The documents to have ready
- GSTR-1, 3B, 9 and 9C for the audit period.
- Audited financials, trial balance and the GST control account.
- ITC register with the 2A/2B reconciliation and reasons for differences.
- Sample invoices, e-way bills, contracts and shipping documents.
- RCM workings and any rate/classification opinions you relied on.
A well-indexed file does two things: it answers questions before they are asked, and it signals that your compliance is in order.
What auditors actually look at
- ITC — eligibility, blocked credits, reversals, and 2B matching. This is the number-one focus.
- Output classification and rates — especially where multiple rates apply.

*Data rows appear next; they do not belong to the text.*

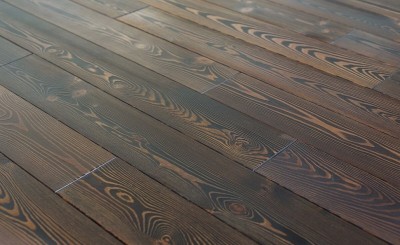 Паркетная доска из термолиственницы 18x140 сорт Экстра Паркетная доска из термолиственницы 18x140 сорт Экстра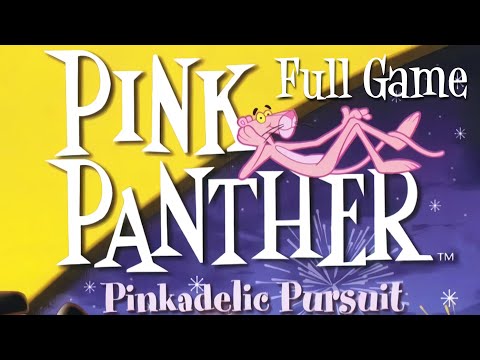 Pink Panther: Pinkadelic Pursuit (PC) - Full Game 1080p60 HD Walkthrough - No Commentary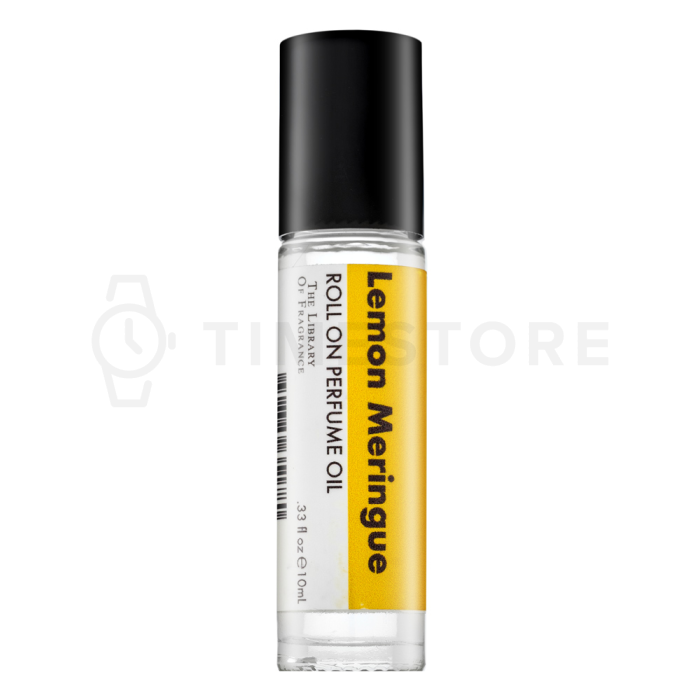 The Library Of Fragrance Lemon Meringue telový olej unisex 8,8 ml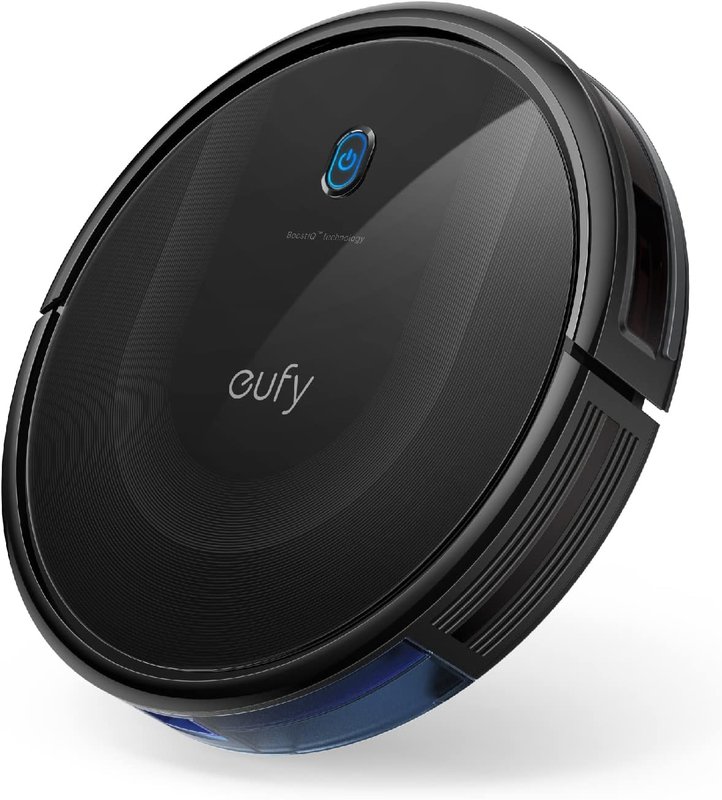 eufy 11S MAX Robot Vacuum Cleaner, Super Thin, Quiet, Self-Charging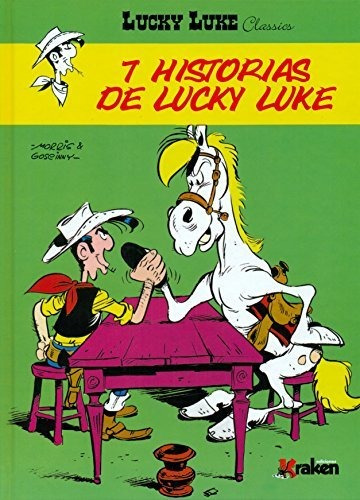 Libro 7 Historias De Lucky Luke  De Morris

- RCM — liabilities often missed by taxpayers.
- Turnover reconciliation — books vs returns vs e-way bills.
- Refunds and exports — documentation and formula.
How to handle the audit
- Single point of contact — route all communication through one informed person, not scattered replies.
- Answer in writing with documents attached; avoid casual verbal concessions.
- Fix small errors proactively where the law allows — voluntary correction is viewed far better than a finding.
- Do not over-share — provide what is asked, accurately, without volunteering unrelated exposure.
ADT-02 and what comes next
The audit concludes with ADT-02 setting out observations. If issues are accepted, you can pay with reduced consequences; if you disagree, the matter may move to a show cause (DRC-01) — at which point the reply strategy becomes critical. Either way, a clean audit file shapes how far it goes.
Turn the audit into a clean close, not a demand.
One named advisor builds the file, handles the queries, and represents you from ADT-01 through to closure.
The bottom line
A Section 65 audit is a time-boxed, document-driven process — which means it rewards preparation and punishes scramble. Know what ADT-01 is asking for, hand over a reconciled file with the awkward entries already explained, and engage on the findings in ADT-02 in writing rather than conceding under pressure. The goal is not to have a perfect history; it is to have a defensible one, ready before the notice arrives.